Paylaş
Doğarız, okuruz ve İstanbul’a göçeriz.
Göçenler göçmeyenlere anlatır.
Göçmeyenler göçenlere gıpta ile bakar.
Göçenlerin dışı seni, içi göçeni yakar.
Her yıl yüzlercemiz körolasıca Konstantin’in kollarına atarız kendimizi.
Ailemizi, anılarımızı, aşklarımızı, çocukluk bilyelerimizi, Barbie bebeklerimizi, Ege Denizi’ndeki ilk kulacımızı, ilk boğulma tehlikemizi ardımızda bırakarak... Daha büyük bir denizde, kocaman kocaman dalgalarla savaşmaya gideriz.
Gitmezsek aklımızın bir ucu hep o büyük denizde kalır.
Gidersek bu pis kokulu Körfez, mis kokulu hatırlanıp arkamızdan gelir.
Hele bir emekli olalım, kesin İzmir’e döneceğizdir.
Çünkü, emeklilik kocaman bir hayaldir İstanbullu İzmirlilerin kalbinde.

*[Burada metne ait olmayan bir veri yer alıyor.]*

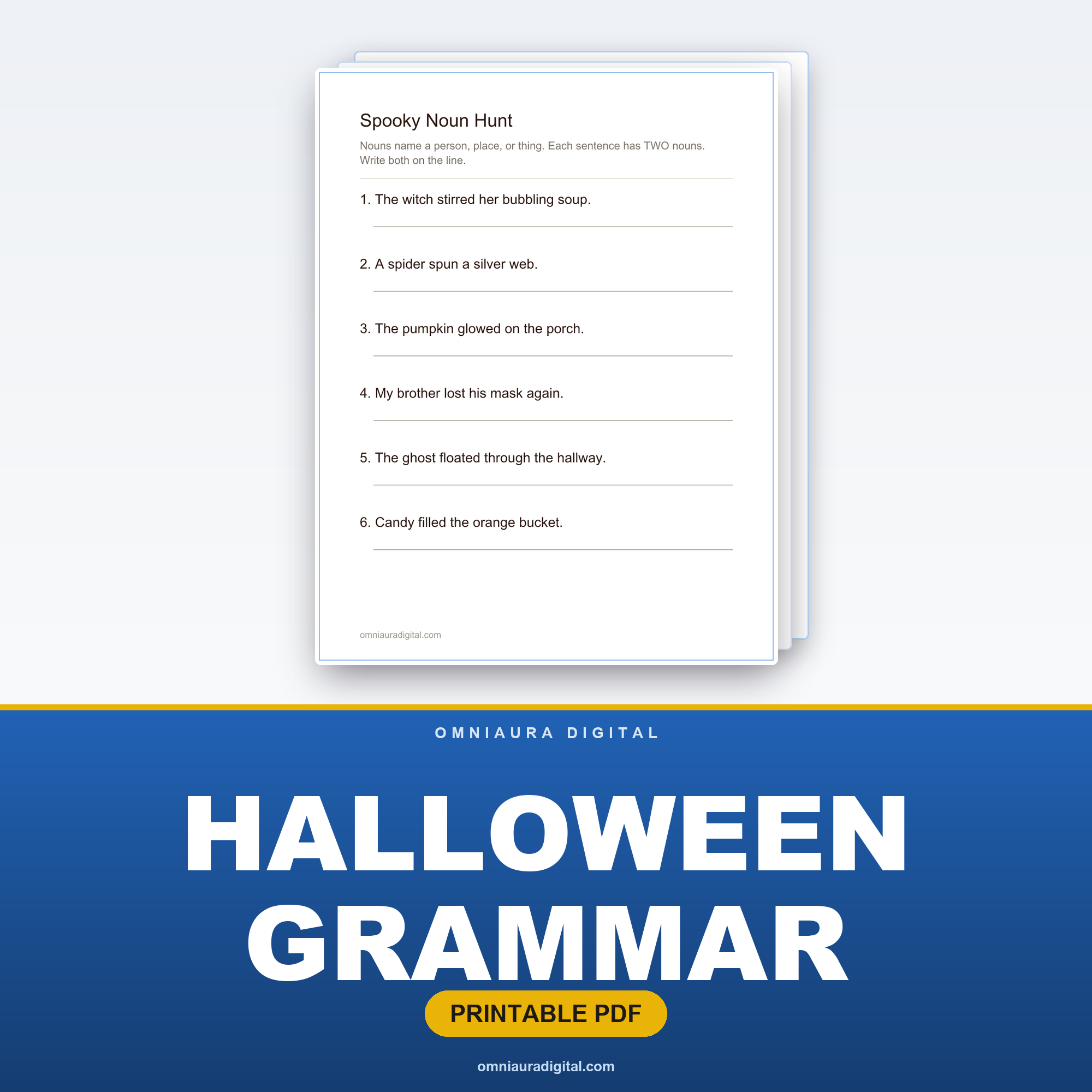 Halloween Grammar — Nouns, Verbs & Adjectives (Grades 1-3)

Yaşanacak onca yılı atlayarak emekliliği nasıl hayal eder bir hayat, bir kalpte?
İstanbul’u alt edip kefeni yırtanlar, simide gevrek demeyi unutsalar da zamanla; en takdir edilesi gruptur. Ama ne İzmir o eski İzmir’dir artık ne de o Egeli kalp sakin sakin atmaya devam eder.

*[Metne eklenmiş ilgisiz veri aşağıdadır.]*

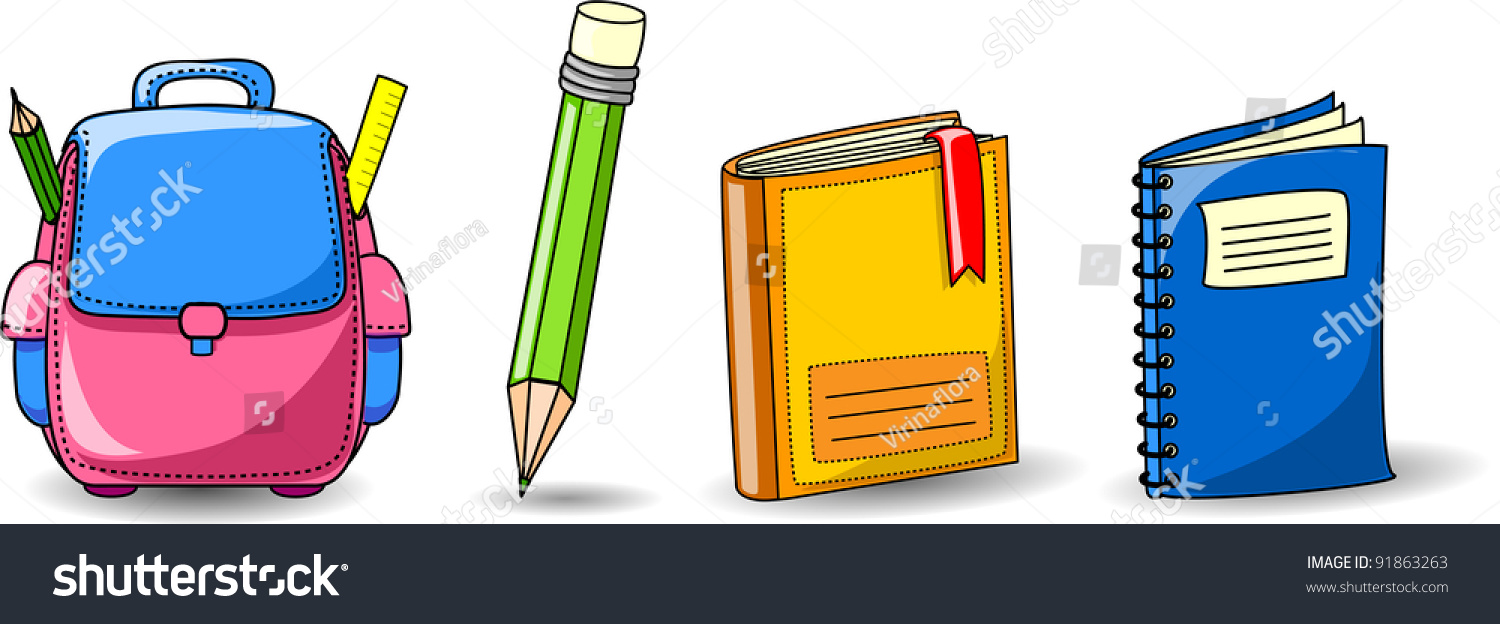 Ранец и тетради с ручками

“Taşikardi” İzmir’de olsa olsa bir marka adı olur.
İstanbul’da hayatın gerçeğidir.
İstihdam verelim, vizyonumuz evde kaldı
Bu şehrin koca koca sanayicileri, bakanları, iş adamları zannediyor ki, daha çok istihdam yaratmak gerek. Doğrudur. Daha çok istihdam yaratalım.

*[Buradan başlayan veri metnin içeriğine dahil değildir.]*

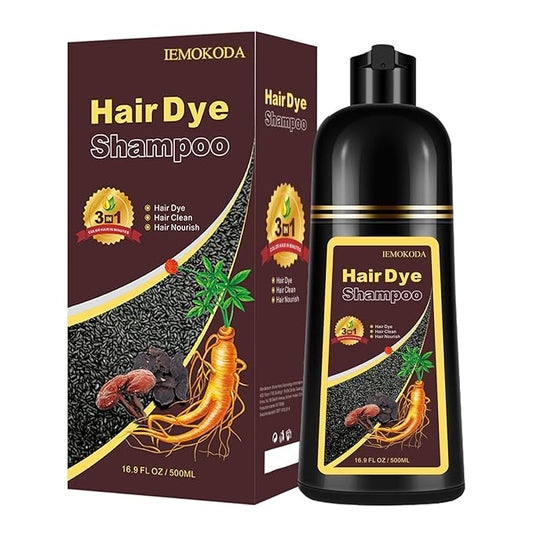 Dark Coffee Hair Dye Shampoo 3 in 1 for Gray Hair, Long-lasting & Natual Hair Color Shampoo, Herbal Ingredients Natural Shampoo Hair Dye Effect in Minutes, Gifts for Men Women 500ml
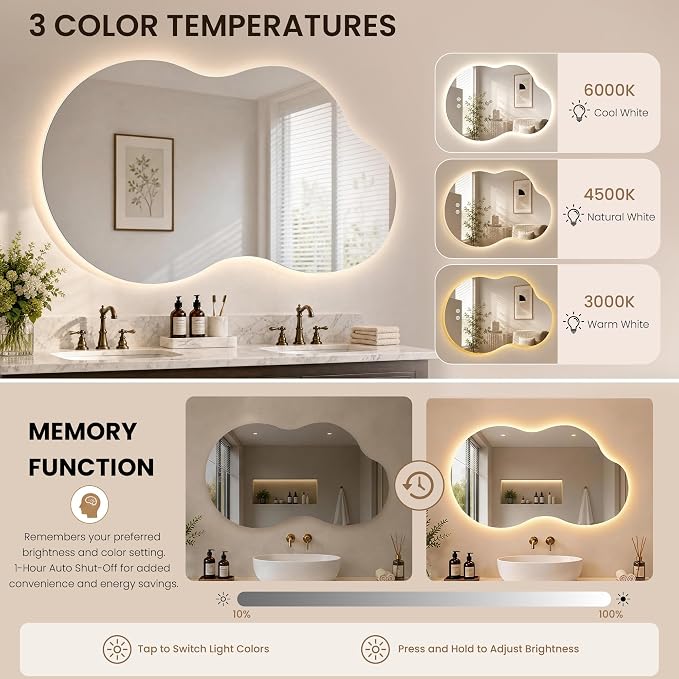 24" x 40" Irregular Backlit Bathroom Mirror, Anti-Fog | Tempered Glass, Cloud Shape, 3 Color Lighting, Stepless Dimming, Memory Function, HD Reflection, Wall Mounted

Daha çok aile şirketi kuralım mesela. Daha çok genç profesyoneli o aile şirketlerimize alarak doğduğuna pişman edelim. Vizyonumuz kalmadı, size aile şiketlerimizden verelim.
İstanbul’dan ithal ettiğimiz bir fikre, bir projeye, bir tasarıma, bir endüstriyel ürüne veya kocaman bir gaz bulutuna 100 para verelim de parlak fikirli İzmirli girişimciyi öldürelim. Üzerimize başımıza kıyafet alırken pazarlık etmek aklımıza gelmesin, ama çözüm ortağımızdan çözüm alırken yılanın başını ezelim.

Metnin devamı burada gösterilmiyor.